Short web captions
%%

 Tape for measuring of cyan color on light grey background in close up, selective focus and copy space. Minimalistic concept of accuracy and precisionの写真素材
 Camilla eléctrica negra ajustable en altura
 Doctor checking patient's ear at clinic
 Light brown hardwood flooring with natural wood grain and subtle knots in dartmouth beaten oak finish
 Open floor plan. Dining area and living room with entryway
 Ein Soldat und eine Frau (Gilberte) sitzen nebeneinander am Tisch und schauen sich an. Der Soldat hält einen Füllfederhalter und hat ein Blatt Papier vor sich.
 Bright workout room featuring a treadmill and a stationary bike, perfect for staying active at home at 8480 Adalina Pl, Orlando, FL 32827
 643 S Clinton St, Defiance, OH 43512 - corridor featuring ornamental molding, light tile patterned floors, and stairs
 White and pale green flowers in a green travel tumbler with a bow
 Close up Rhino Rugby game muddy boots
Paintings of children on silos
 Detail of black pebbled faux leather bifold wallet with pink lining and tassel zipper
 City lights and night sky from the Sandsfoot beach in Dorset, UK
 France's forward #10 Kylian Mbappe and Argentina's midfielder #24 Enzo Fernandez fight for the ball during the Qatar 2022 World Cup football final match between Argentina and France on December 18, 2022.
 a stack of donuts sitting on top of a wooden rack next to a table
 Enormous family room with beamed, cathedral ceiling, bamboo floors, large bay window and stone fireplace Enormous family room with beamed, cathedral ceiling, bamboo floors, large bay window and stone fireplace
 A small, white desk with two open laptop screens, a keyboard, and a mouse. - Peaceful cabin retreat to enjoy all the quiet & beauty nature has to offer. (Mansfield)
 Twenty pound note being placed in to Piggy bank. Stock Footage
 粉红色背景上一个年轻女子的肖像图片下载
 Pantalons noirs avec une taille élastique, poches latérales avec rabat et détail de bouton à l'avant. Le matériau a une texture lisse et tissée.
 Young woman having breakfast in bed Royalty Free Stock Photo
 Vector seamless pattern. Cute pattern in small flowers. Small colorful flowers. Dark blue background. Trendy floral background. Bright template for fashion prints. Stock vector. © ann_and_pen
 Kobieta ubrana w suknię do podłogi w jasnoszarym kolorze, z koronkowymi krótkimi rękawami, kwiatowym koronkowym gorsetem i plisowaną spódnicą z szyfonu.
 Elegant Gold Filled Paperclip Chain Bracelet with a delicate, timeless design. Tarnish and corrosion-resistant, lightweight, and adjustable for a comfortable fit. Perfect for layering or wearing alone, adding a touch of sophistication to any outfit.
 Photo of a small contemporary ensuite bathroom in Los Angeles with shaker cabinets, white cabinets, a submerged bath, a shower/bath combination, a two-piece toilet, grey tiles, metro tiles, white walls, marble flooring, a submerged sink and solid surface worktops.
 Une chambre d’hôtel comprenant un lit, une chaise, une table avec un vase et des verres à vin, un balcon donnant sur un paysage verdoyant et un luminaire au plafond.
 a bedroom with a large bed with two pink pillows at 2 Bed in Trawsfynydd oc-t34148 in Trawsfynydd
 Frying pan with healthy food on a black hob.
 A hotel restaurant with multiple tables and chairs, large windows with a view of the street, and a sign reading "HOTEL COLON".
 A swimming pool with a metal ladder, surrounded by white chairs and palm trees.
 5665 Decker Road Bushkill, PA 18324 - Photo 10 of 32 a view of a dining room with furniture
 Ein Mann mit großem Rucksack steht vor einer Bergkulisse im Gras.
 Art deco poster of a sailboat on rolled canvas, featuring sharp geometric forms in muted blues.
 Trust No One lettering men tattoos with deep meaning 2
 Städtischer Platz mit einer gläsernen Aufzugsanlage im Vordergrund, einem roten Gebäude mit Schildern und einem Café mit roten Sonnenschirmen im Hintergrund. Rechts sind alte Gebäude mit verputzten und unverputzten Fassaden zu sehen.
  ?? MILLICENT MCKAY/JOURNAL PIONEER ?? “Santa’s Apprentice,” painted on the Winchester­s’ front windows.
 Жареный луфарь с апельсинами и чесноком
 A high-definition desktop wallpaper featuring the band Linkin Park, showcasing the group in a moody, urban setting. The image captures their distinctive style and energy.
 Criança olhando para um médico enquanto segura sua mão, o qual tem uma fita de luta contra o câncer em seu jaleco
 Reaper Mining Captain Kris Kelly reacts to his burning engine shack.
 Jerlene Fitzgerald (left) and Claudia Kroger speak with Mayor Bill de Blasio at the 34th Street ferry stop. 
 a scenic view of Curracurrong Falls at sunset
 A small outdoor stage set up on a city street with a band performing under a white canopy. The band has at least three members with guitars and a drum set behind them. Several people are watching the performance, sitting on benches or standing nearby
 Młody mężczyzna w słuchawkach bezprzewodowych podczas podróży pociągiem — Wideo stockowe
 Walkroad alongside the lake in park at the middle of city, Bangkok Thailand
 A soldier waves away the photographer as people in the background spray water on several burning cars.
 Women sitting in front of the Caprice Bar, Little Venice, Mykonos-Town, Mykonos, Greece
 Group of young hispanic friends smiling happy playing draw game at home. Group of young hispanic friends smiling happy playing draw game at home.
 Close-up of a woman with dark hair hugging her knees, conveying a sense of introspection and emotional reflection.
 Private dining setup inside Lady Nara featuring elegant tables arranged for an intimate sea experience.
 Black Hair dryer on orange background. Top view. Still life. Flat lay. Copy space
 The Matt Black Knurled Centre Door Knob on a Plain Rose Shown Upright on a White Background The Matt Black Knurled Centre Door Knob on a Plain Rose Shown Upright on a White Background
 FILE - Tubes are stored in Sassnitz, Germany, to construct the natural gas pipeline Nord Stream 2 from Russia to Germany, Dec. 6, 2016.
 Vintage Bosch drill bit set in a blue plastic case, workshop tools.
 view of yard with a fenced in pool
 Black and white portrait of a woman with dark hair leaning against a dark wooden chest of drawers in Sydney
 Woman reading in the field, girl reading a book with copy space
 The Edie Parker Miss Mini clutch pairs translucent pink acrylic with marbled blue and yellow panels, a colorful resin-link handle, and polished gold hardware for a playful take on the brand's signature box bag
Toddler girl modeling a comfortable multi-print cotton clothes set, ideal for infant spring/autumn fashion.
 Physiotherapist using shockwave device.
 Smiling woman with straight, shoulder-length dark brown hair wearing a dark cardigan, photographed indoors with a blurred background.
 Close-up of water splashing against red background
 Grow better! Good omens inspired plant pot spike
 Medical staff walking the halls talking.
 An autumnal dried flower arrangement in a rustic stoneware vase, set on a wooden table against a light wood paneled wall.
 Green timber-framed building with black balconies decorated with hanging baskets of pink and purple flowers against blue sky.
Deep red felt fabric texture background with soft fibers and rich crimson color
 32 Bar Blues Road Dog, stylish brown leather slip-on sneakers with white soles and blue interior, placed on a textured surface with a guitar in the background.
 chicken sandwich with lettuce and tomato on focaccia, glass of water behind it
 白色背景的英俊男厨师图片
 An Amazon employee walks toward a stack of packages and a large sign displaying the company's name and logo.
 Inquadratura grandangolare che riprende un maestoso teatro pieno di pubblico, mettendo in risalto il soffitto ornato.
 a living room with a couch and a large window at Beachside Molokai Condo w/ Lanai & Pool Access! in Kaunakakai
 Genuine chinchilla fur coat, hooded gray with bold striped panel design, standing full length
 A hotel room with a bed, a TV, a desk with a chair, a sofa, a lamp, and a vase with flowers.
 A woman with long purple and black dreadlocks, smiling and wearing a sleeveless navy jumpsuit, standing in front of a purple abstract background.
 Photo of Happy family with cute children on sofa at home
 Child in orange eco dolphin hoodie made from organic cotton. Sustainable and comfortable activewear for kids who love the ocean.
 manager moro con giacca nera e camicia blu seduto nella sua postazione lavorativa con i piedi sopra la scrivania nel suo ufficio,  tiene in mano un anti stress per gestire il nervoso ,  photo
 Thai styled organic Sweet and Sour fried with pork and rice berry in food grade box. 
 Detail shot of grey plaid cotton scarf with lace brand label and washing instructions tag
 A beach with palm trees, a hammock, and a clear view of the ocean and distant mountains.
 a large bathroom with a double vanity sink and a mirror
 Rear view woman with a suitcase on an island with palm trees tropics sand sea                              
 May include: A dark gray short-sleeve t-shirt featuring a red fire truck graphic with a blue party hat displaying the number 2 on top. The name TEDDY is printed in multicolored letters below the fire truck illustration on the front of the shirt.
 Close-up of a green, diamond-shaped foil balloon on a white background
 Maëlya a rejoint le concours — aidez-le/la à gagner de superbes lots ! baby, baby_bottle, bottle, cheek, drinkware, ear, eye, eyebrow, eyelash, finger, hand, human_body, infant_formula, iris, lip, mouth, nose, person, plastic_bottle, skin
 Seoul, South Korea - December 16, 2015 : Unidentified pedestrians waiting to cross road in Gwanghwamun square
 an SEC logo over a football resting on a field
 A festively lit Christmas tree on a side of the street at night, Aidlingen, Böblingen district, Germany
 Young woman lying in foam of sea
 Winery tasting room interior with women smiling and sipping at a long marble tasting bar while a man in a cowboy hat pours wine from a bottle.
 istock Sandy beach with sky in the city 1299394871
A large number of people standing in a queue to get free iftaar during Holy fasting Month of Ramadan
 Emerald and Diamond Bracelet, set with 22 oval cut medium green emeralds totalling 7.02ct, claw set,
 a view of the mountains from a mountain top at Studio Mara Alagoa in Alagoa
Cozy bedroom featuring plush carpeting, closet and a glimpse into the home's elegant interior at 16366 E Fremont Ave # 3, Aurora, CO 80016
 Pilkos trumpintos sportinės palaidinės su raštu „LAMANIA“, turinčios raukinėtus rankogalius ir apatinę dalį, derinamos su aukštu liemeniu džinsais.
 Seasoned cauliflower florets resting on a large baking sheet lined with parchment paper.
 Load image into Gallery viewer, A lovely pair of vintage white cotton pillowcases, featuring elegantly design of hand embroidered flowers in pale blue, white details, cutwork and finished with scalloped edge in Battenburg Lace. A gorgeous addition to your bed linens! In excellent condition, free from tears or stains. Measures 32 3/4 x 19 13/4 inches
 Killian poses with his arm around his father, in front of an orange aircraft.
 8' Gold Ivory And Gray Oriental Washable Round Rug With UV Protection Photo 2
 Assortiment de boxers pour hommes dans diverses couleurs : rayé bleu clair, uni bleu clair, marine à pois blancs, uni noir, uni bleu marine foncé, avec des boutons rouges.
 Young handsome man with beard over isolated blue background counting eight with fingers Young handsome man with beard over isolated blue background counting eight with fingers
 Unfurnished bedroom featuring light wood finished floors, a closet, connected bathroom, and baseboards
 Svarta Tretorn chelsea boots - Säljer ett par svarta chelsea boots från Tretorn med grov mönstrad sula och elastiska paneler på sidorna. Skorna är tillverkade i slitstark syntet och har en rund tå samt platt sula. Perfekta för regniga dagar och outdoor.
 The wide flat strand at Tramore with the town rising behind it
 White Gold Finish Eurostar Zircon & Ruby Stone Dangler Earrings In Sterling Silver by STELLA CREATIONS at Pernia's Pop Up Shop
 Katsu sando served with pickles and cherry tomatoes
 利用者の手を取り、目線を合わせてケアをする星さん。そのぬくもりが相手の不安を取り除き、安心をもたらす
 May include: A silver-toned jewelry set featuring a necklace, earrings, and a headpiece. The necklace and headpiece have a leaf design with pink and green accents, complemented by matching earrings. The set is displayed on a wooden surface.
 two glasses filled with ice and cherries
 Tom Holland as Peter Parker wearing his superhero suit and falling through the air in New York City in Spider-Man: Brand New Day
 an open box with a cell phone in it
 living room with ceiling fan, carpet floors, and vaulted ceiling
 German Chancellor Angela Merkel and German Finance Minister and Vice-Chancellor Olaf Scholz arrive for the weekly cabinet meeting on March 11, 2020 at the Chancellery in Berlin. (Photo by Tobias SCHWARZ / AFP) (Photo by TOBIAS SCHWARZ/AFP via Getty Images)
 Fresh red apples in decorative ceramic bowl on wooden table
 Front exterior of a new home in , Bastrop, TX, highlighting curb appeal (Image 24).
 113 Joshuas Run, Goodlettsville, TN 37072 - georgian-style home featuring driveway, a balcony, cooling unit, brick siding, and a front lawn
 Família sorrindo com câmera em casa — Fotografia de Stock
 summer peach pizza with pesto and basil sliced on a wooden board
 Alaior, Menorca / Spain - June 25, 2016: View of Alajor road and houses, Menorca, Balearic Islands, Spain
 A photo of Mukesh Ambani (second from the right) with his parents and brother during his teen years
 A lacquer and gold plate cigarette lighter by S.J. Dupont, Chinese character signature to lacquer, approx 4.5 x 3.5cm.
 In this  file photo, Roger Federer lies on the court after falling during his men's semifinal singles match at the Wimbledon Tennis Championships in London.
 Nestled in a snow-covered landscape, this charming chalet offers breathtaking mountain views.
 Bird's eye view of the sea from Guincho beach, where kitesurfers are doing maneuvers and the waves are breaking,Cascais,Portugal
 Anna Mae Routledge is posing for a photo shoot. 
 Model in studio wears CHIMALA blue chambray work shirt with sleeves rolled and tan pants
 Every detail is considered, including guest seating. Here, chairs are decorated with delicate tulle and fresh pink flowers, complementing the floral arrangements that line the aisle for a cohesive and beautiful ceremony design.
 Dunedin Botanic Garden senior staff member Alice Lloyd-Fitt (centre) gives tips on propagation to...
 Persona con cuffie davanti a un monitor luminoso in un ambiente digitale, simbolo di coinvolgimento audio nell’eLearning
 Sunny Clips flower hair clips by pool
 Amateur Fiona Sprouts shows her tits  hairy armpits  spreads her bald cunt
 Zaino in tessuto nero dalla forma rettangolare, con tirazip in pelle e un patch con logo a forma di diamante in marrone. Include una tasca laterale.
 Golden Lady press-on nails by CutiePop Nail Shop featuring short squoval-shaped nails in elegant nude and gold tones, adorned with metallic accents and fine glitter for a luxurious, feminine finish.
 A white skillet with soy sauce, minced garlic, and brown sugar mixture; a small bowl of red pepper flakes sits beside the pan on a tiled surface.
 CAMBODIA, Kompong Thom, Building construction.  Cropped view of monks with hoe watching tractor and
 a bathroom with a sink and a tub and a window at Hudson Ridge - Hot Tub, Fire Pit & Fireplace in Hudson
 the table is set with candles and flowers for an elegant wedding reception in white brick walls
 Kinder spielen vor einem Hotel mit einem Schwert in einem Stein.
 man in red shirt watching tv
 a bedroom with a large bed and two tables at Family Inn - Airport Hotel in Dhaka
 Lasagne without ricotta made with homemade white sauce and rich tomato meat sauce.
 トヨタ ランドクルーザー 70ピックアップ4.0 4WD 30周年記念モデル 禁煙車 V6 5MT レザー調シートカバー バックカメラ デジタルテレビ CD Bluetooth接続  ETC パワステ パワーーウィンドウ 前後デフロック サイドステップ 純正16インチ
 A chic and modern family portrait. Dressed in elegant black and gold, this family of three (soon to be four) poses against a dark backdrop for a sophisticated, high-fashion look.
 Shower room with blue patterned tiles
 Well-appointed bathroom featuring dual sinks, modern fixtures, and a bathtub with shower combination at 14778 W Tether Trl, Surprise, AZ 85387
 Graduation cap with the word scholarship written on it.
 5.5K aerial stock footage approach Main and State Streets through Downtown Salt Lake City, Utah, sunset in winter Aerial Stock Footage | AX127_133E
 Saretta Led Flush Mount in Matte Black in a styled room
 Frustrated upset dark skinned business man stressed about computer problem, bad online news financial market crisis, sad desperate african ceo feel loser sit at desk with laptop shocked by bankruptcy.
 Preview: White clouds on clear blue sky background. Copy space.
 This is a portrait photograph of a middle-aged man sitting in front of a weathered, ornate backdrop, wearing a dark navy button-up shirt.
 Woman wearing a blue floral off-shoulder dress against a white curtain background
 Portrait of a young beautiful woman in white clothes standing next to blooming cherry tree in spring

%%

Prompt: Tally the lines above with "poses", please; number only.

Your solution: 2